Caros irmãos e irmãs, podemos perguntar-nos: Roma prepara-se para se tornar uma “cidade da esperança” no Ano Santo? Todos sabemos que a organização do Jubileu já está em curso há algum tempo. Mas compreendemos bem que, na perspetiva que estamos a assumir aqui, não se trata em primeiro lugar disso; trata-se antes do testemunho da comunidade eclesial e civil; um testemunho que, mais do que nos acontecimentos, consiste no estilo de vida, na qualidade ética e espiritual da convivência. Assim, a pergunta pode ser formulada da seguinte forma: estamos a trabalhar, cada um no seu âmbito, para que esta cidade seja um sinal de esperança para quem vive aqui e para quantos a visitam?

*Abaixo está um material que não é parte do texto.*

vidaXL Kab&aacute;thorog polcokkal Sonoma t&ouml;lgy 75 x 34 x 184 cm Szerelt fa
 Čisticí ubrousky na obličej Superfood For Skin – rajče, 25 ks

Um exemplo. Entrar na Praça de São Pedro e ver que, no abraço da Colunata, pessoas de todas as nacionalidades, culturas e religiões se movimentam livre e serenamente é uma experiência que infunde esperança; mas é importante que ela seja confirmada por um bom acolhimento na visita à Basílica e nos serviços de informação. Outro exemplo: o encanto do centro histórico de Roma é perene e universal; mas também deve ser apreciado pelos idosos ou por quem tem alguma deficiência motora; e à “grande beleza” deve corresponder um decoro simples e uma funcionalidade normal nos lugares e habituais situações da vida diária. Porque uma cidade mais habitável para os seus cidadãos é também mais acolhedora para todos.
Amados irmãos e irmãs, uma peregrinação, sobretudo uma peregrinação exigente, requer uma boa preparação. Por isso, o próximo ano, que precede o Jubileu, é dedicado à oração. Um ano inteiro dedicado à oração. E que melhor mestra poderíamos ter do que a nossa Santa Mãe? Coloquemo-nos na sua escola: aprendamos com ela a viver cada dia, cada momento, cada ocupação com o olhar interior voltado para Jesus. Alegrias e dores, satisfações e problemas. Tudo na presença e com a graça de Jesus, o Senhor. Tudo com gratidão e esperança!